[[ Data section, beginning ]]

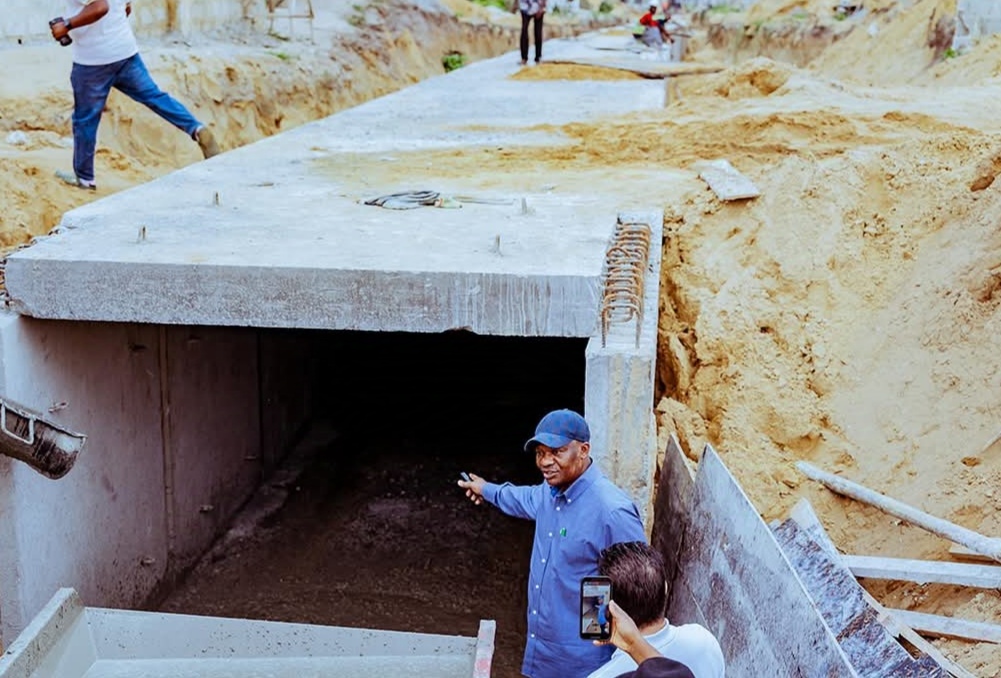 Commissioner for Works (Rural Roads) and Public Information, Mr. Charles Aniagwu during the inspection of the ongoing water storm drainage at Dare Akintoye Street, Ugolo-Okpe, Wednesday, January 22, 2025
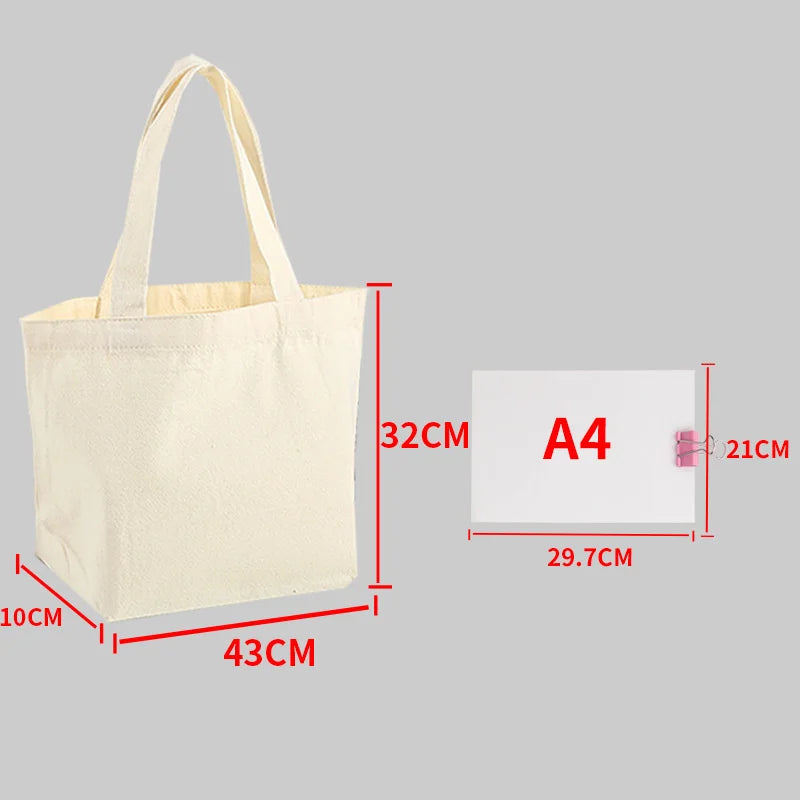 A beige canvas tote bag with handles shown next to an A4 sized card for scale.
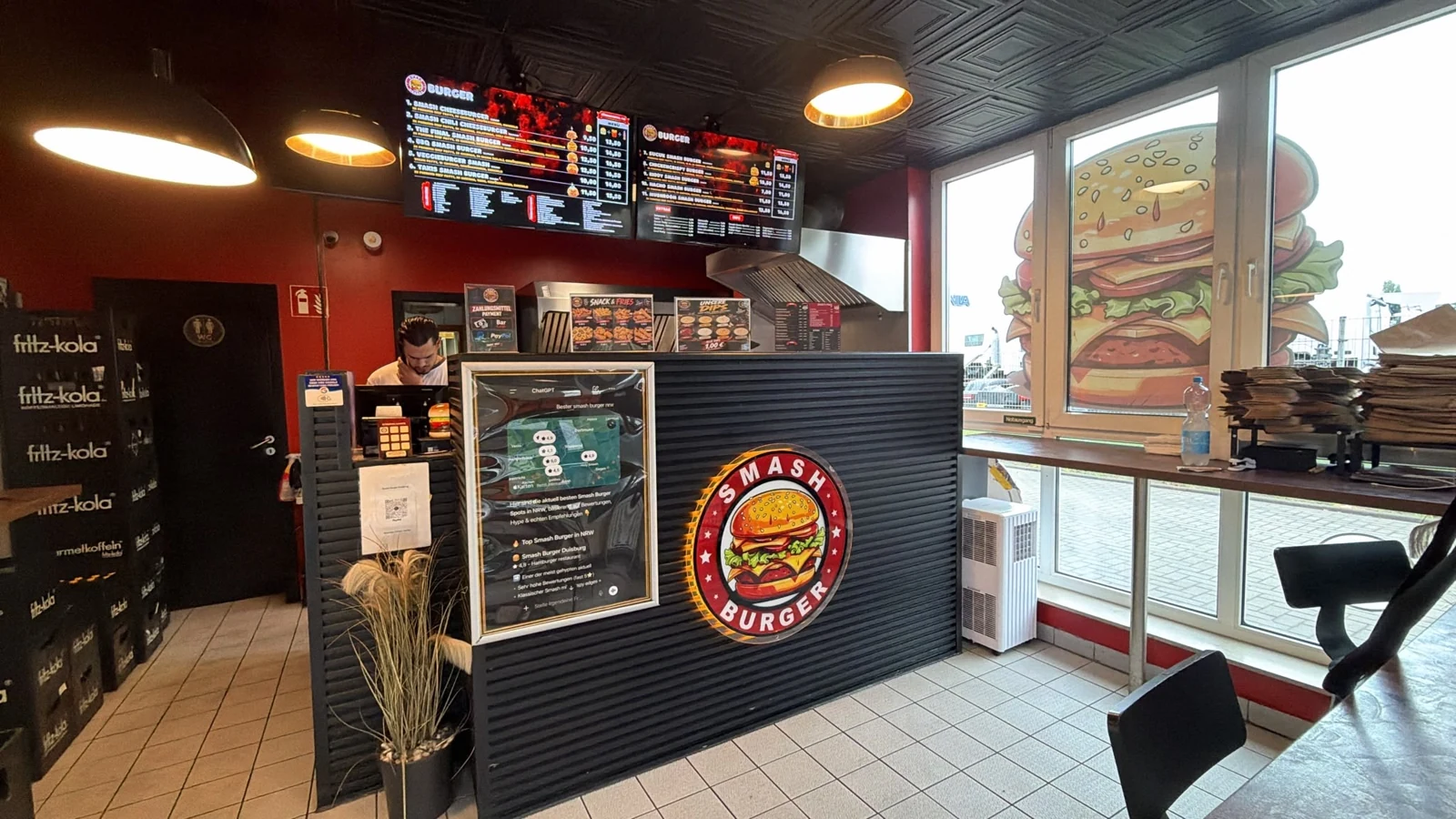 Der echte Smash Burger Laden in Duisburg mit roter Wand und beleuchteter Theke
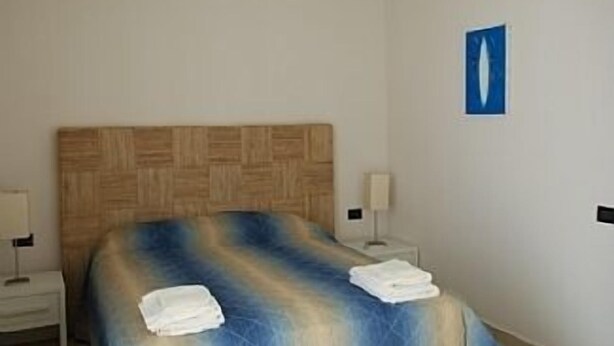 A bedroom with a wooden headboard, a bed with a blue and beige blanket, two bedside tables with lamps, and a blue wall decoration.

[[ Data section, end ]]

Task goal
Return the material word for word, images omitted.

Exercise answer
 Commissioner for Works (Rural Roads) and Public Information, Mr. Charles Aniagwu during the inspection of the ongoing water storm drainage at Dare Akintoye Street, Ugolo-Okpe, Wednesday, January 22, 2025
 A beige canvas tote bag with handles shown next to an A4 sized card for scale.
 Der echte Smash Burger Laden in Duisburg mit roter Wand und beleuchteter Theke
 A bedroom with a wooden headboard, a bed with a blue and beige blanket, two bedside tables with lamps, and a blue wall decoration.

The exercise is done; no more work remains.